Stay away from echo chambers on social media even if it feels nice to be in a group where everyone thinks the same. Most members in such groups are too far down the rabbit hole to realise how one-sided their thinking has become.
Some are obvious: political discussions, fan pages, and fad groups have echoes reverberating all over them.
But some are more subtle. Group admins who’re scared to discuss alternative opinions and enforce arbitrary rules. Companies who want you to belong to their community when in reality you’re part of their ecosystem to keep buying product after product without switching to a competitor. Individuals who shout the loudest and proudest making you think they’re a thought leader but lack substance underneath (there’s a LOT of these types).
Avoid echo chambers on social media and give yourself space to think clearly and be open-minded to other sources of opinion.

4. Focus on giving value through your posts
The key on how to use social media in a healthy way is giving value rather than taking it. Making your content and posts worthwhile for other people rather than mere filler pixels.
If you really want to take this concept to the next level, be a net contributor rather than consumer.
There’s a simple way of implementing this. Whenever you’re about to create a post, think: is this post giving real value to others?
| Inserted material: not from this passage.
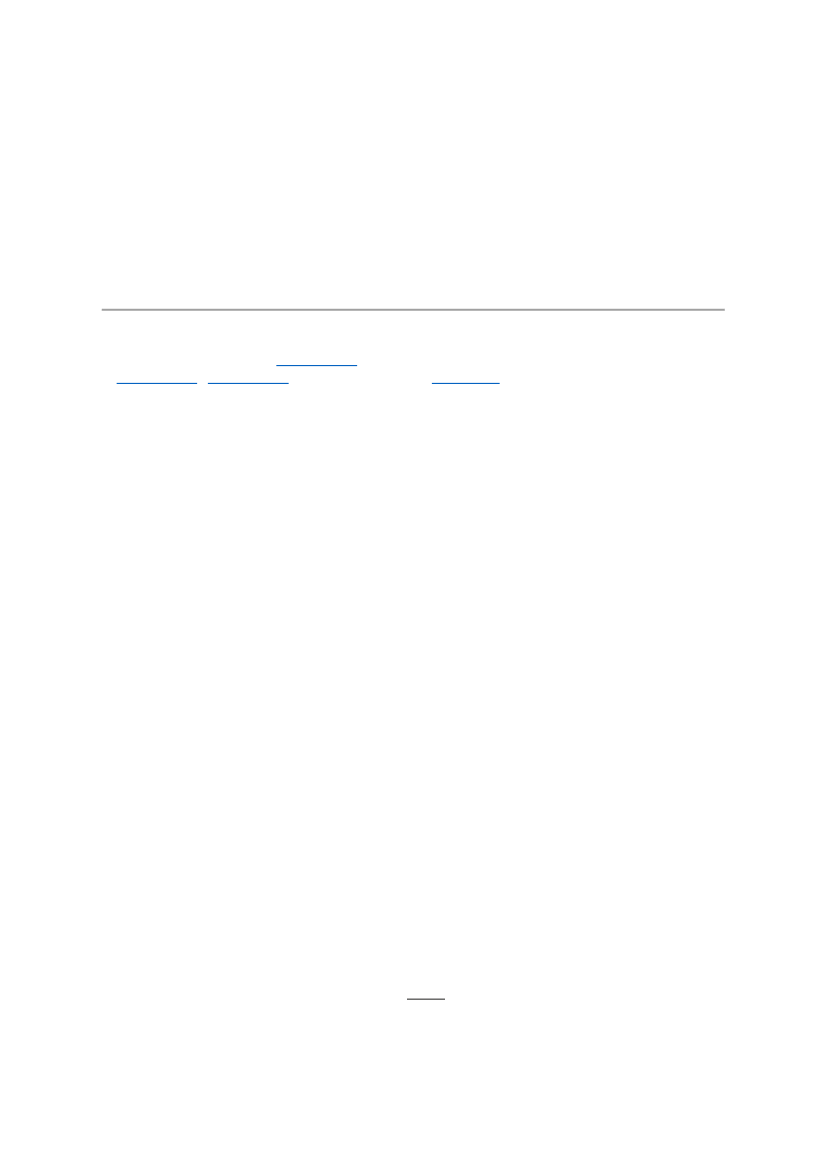 2589075_0001.png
If the answer is “no”, don’t post it. If the answer is “maybe”, brainstorm how you can make it more valuable, otherwise get rid of it.
Can you imagine an internet where everybody held this standard? Gone are most of the self-aggrandising selfies, that umpteenth pic of the same tourist spot that has had professional photographers snap it better, and unnecessary filtered imagery. In short, a better social media landscape for everyone.
Granted there’s no gold standard for what constitutes value. But I’m willing to bet if you asked most people how much of social media content is valuable, even the most obsessed influencers would agree that a huge proportion isn’t, whether that’s for entertainment or learning.
This might mean you publish less. And that’s ok. What you do publish will always be worth the viewer’s time. Quality over quantity, it’s cliche but holds true no less.
It’ll mean that what you do put out requires attention to detail not just spam releasing. That’ll make your efforts spent on the platform more rewarding.

Summary
Social media is one of the most seminal inventions of the 21st century and it’s here to stay. Despite its wide potential and outreach, it comes with many drawbacks for those who don’t know how to use social media in a healthy way. Among others, social media risks sapping our attention away in excess, festering FOMO-induced narcissism and perpetuating online echo chambers replete with groupthink.
Luckily, we can learn how to use social media in a healthy way. Limit your time on social media platforms to desktop or laptop web access which will prevent overuse. Have high filters for who you follow and consume content from. Avoid echo chambers like the plague. And above all, focus on giving value with your own content.
Social media can not only connect us with friends but it can also act as a proxy friend if you know how to use it well. Follow these tips on how to use social media in a healthy way to make it a win-win outcome for you.